I don't know about you, but it can hard to focus on a day long industry event. You start out ready, then your phone rings, txt msgs, and e-mail distracts you. Some of the presentations are good. Some have room for improvement. Sometimes you just get bored and your mind drifts.
Let me walk through an example of what I choose as a strategy for Google's How Green is the Internet? event. Here is the full agenda.
First I got there early. The event started at 9a. I got there at 8:45a - to allow for Mtn View traffic, get a close parking spot (you were told to park 1/2 mile away and bus you in, I parked 300 ft away on the street), maximize time to socialize, and chat with the event staff.
Out of the full list of speakers. There were three I really wanted to listen to. Urs Hoelzle's 10 min intro. Jonathan Koomey's 20 min infrastructure of the Internet. And, Eric Schmidt's 15 minute new digital age. Al Gore and the rest were lower priority. Active listening can be tiring. I was looking for patterns that connected what Urs, Jon, and Eric were saying. I figured what Al Gore would be saying would be his own agenda that really wasn't connected to the other three. Also, in my opinion Urs, Jon, and Eric were some of the smartest guys in the room with a breadth of testing ideas and concepts.
Here is Eric's talk.
And, Jon's talk
Urs introduction isn't posted. Urs did spend an hour with the media to answer questions and that session was not recorded.

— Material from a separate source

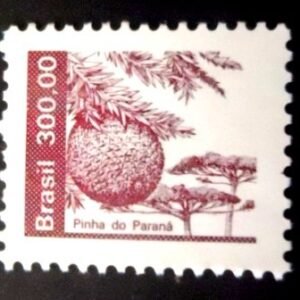 1984 - Pinha do Paraná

The other three people I focused on where the Google event organizer, the executive sponsor, and media contact. These three were making sure the event worked. Chatting with them gives perspective on how to interpret the presentations and their opinion on the event and presentations.
When I was at 7x24 Exchange I was daily chatting the executive board of 7x24, the event staff, and even the photographer. I do the same at Open Compute Summit and DatacenterDynamics.
This comes back to my journey through 10 data center conferences post. The four conferences I mention above are all the ones where I feel like I use this strategy, and I get the most out of.